Work to be completed: Beneath this line are entries. Copy the range from the line with "Saint Laurent Medium" to the line with "Sigma Carta igienica", ends included, exactly; leave pictures out.

Extracted data:
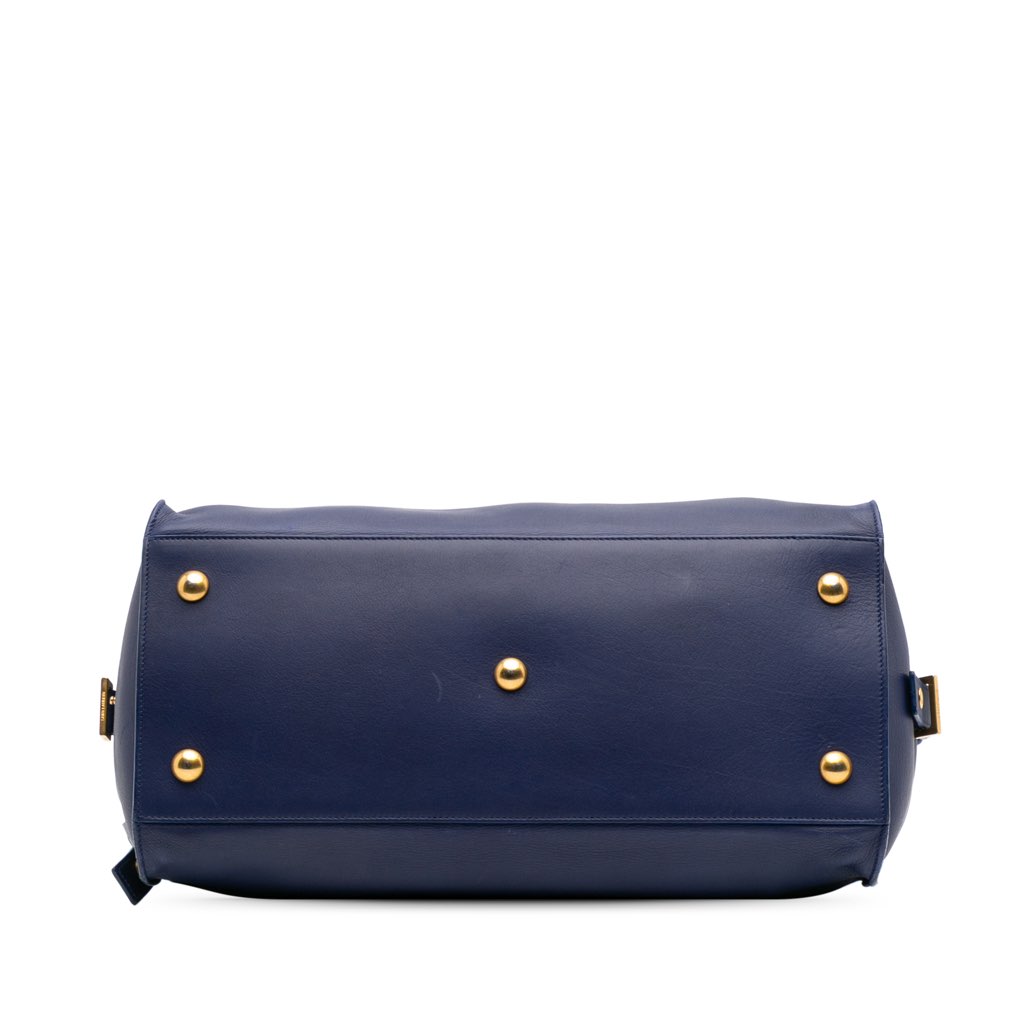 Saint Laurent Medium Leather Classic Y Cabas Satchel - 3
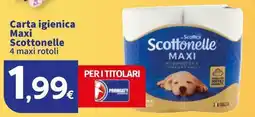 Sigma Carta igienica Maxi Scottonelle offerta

* * *

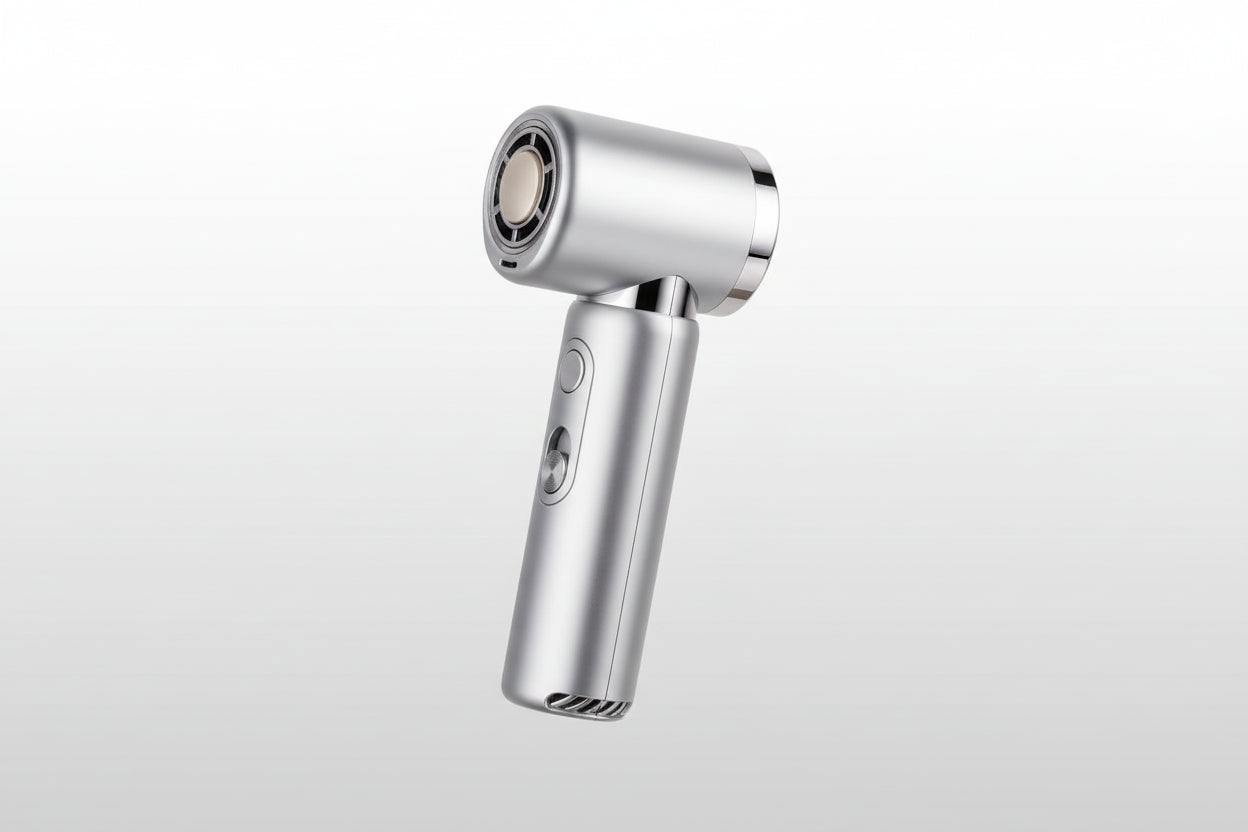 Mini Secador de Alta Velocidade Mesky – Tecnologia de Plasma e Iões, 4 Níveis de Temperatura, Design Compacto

...

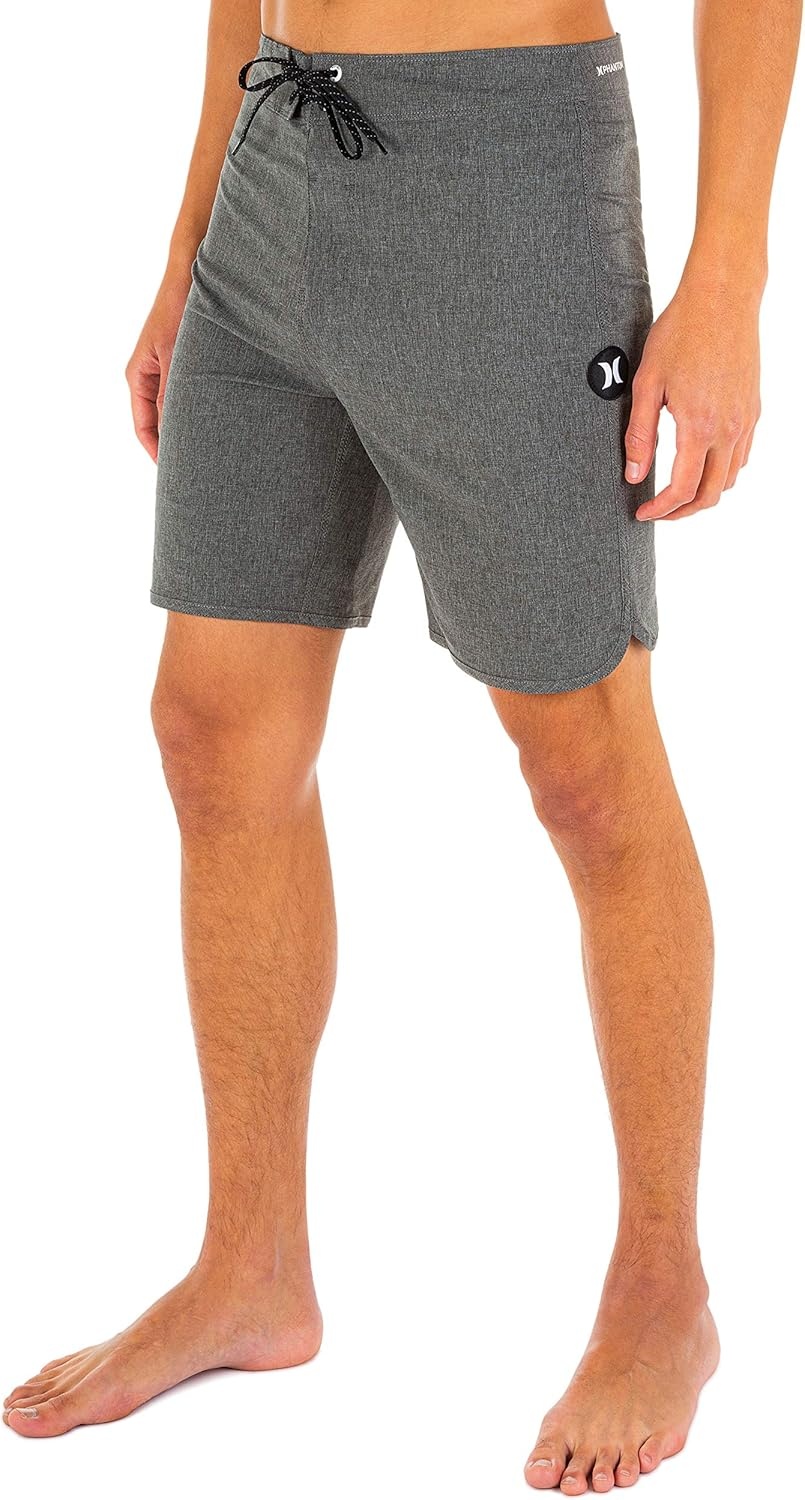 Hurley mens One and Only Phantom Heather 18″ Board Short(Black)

Task output:
 Saint Laurent Medium Leather Classic Y Cabas Satchel - 3
 Sigma Carta igienica Maxi Scottonelle offerta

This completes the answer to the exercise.